CodePudding user response：

Couldn't solve it using decoding as well, but to remove "(-4)\xa0" from a dataset in Pandas, you can use the apply method of the DataFrame object to apply a function to each value in the dataset. The function can use the replace method of the string object to replace the occurrence of "(-4)\xa0" with an empty string.

import pandas as pd

# Load the dataset
df = pd.read_csv('data.csv')

# Define a function to remove (-4)\xa0 from a string
def remove_string(s):
  return s.replace("(-4)\xa0", "")

# Apply the function to the dataset
df['column_name'] = df['column_name'].apply(remove_string)

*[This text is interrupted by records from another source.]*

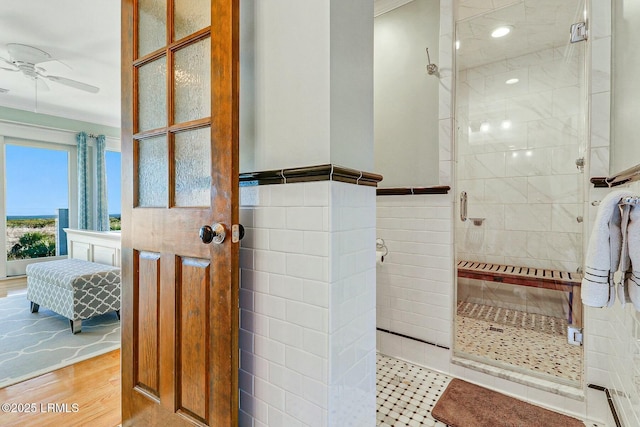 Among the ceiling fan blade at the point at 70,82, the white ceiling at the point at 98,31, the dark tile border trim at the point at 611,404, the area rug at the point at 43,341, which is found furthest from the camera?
the ceiling fan blade at the point at 70,82

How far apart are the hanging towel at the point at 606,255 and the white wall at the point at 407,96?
4.15 feet

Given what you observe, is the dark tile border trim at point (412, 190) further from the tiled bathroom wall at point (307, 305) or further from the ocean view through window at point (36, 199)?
the ocean view through window at point (36, 199)

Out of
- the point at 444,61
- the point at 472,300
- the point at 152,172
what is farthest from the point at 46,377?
the point at 444,61

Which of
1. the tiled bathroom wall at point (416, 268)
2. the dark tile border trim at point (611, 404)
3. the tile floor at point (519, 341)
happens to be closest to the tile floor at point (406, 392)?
the tiled bathroom wall at point (416, 268)

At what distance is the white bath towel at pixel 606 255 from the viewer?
3.07 feet

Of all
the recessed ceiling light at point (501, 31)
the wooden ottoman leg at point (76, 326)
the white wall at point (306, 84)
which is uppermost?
the recessed ceiling light at point (501, 31)

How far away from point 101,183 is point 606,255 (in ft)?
21.7

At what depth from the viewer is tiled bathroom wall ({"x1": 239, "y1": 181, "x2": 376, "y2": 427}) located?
1005 millimetres

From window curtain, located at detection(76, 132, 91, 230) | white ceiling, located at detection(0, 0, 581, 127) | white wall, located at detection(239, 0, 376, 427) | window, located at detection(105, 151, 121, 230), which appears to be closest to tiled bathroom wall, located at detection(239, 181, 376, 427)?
white wall, located at detection(239, 0, 376, 427)

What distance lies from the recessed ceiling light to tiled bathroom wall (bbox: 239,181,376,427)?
2.37 meters

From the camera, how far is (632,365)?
4.02 ft

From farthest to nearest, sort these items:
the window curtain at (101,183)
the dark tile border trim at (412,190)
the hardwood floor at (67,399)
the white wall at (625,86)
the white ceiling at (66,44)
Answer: the window curtain at (101,183) → the white ceiling at (66,44) → the dark tile border trim at (412,190) → the hardwood floor at (67,399) → the white wall at (625,86)

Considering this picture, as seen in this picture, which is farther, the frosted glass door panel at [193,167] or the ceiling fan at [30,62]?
the ceiling fan at [30,62]

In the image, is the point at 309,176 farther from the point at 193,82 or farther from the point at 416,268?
the point at 416,268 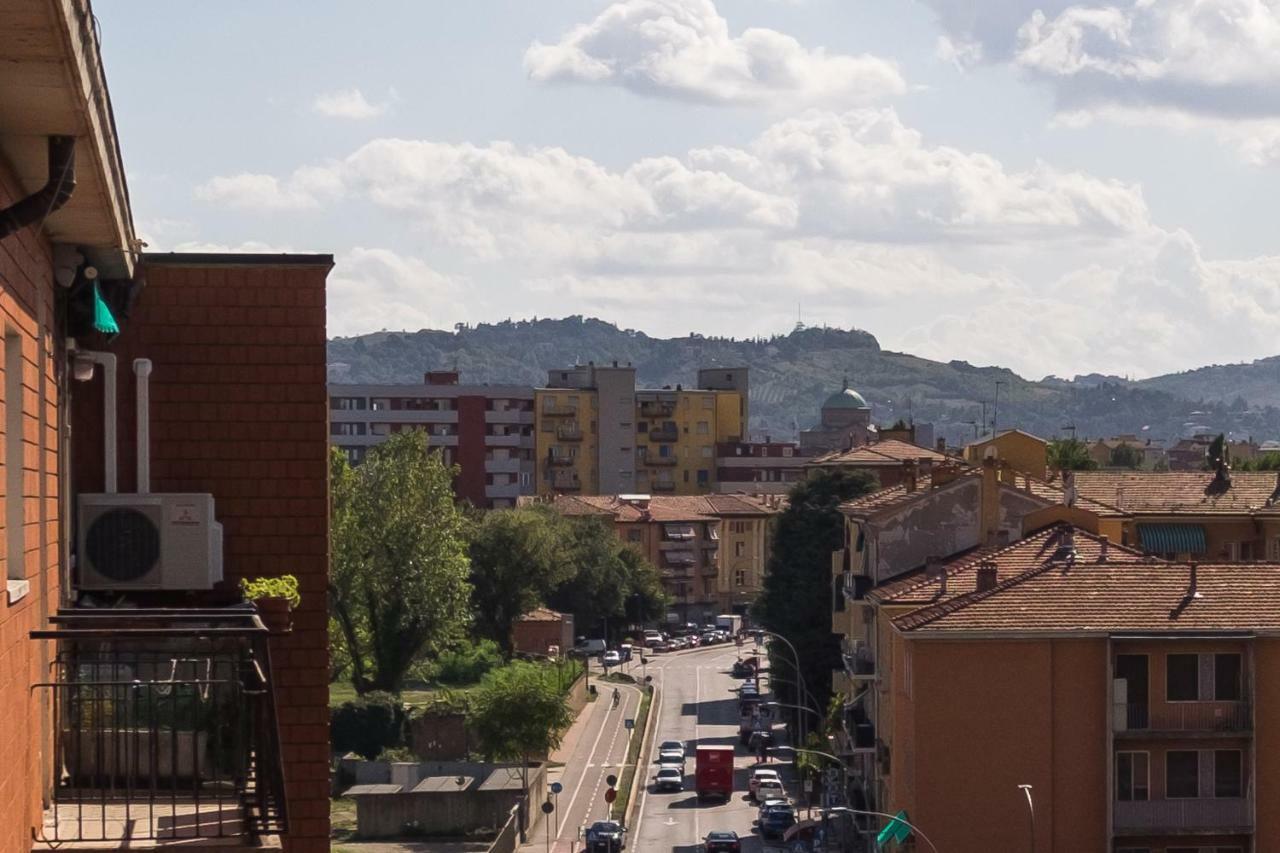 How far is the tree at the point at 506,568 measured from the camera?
9156cm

In this example, data.csv is the name of the file that contains the dataset, and column_name is the name of the column in the dataset that you want to modify. The apply method applies the remove_string function to each value in the column_name column, and the modified values are assigned back to the column_name column.